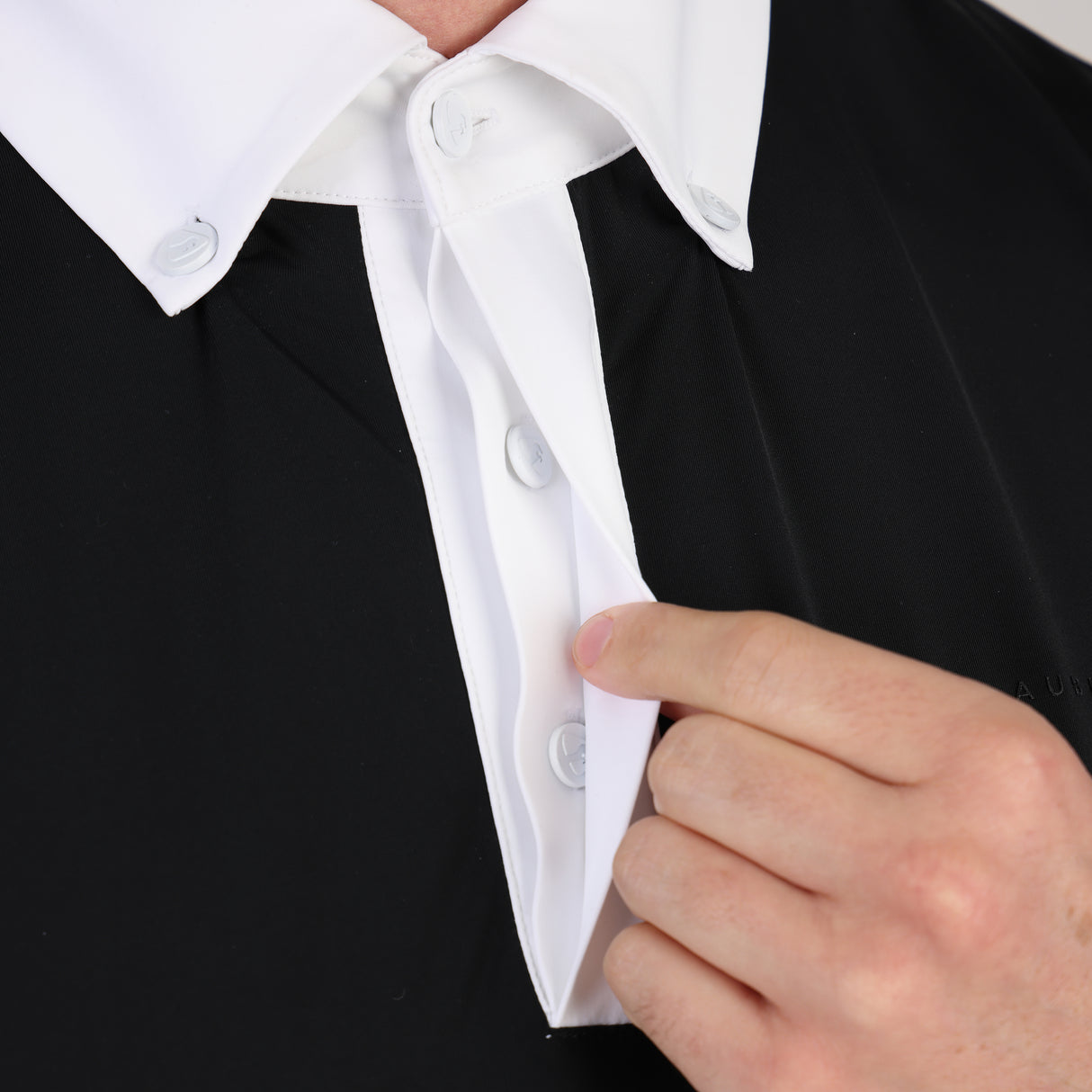 Shires Aubrion Optima MX Button Show Shirt - Mens #colour_black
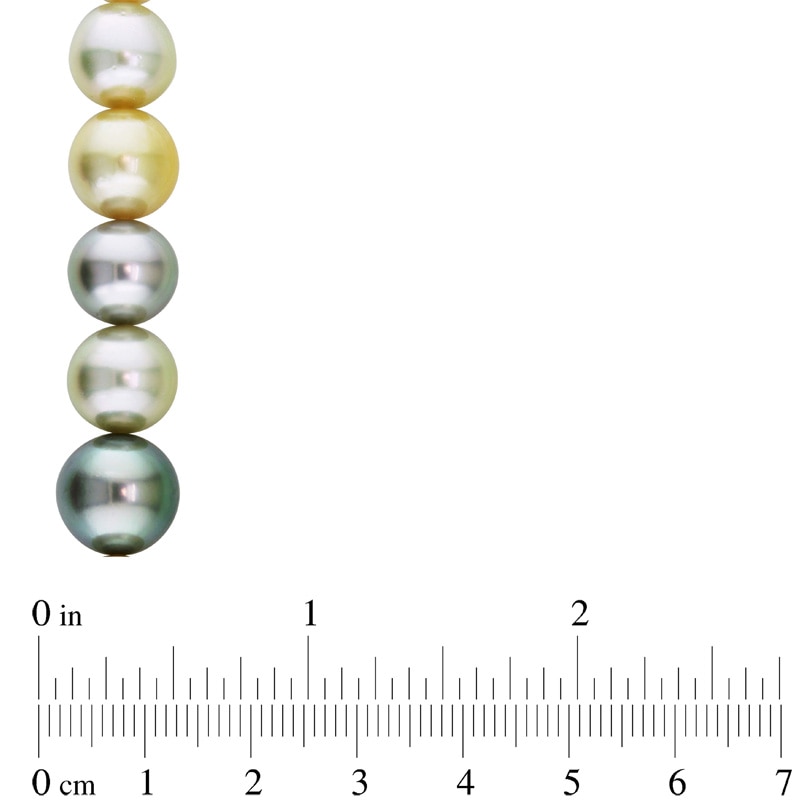 Multi-Colour Cultured South Sea and Tahitian Pearl Graduated Strand Necklace with 14K Gold Clasp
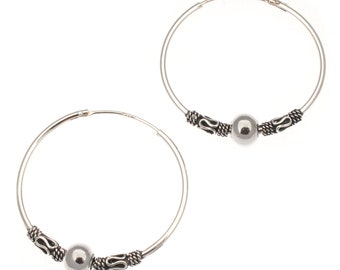 Sterling Silver 27mm Indo Bali Style Hoop Earrings with Ball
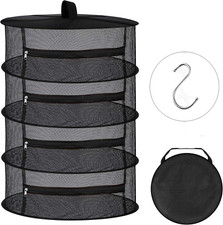 4 Layer Herb Drying Rack Collapsible Folding Mesh Hanging Basket Dryer Net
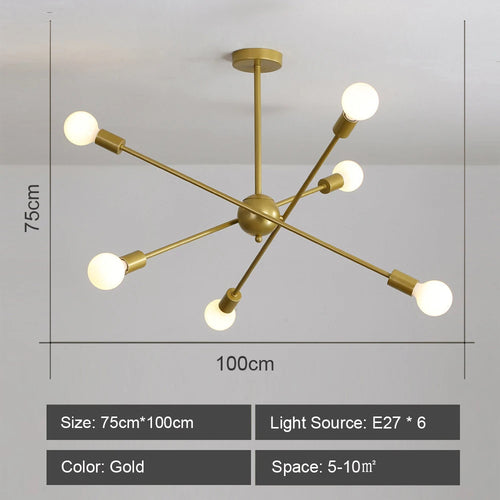 lustre moderne nordique sputnik avec éclairage led intérieur - vue 14 sur 16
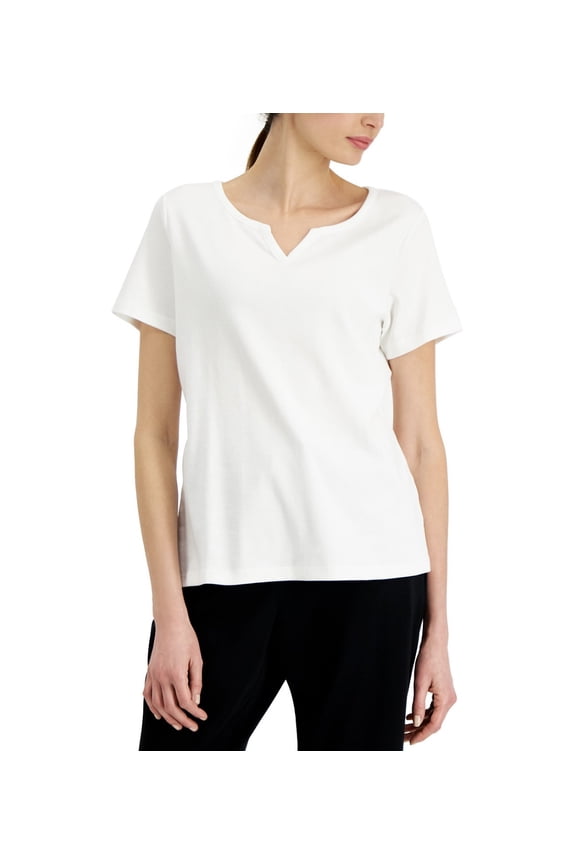Women's Short Sleeve Cotton Split-Neck Top Bright White Size S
= = = = = = =
Exactly the lines from the one containing "lustre moderne nordique" to the end of the records above, both end lines included, are to be printed, and no pictures with them.

▶ YOUR SOLUTION
 lustre moderne nordique sputnik avec éclairage led intérieur - vue 14 sur 16
Women's Short Sleeve Cotton Split-Neck Top Bright White Size S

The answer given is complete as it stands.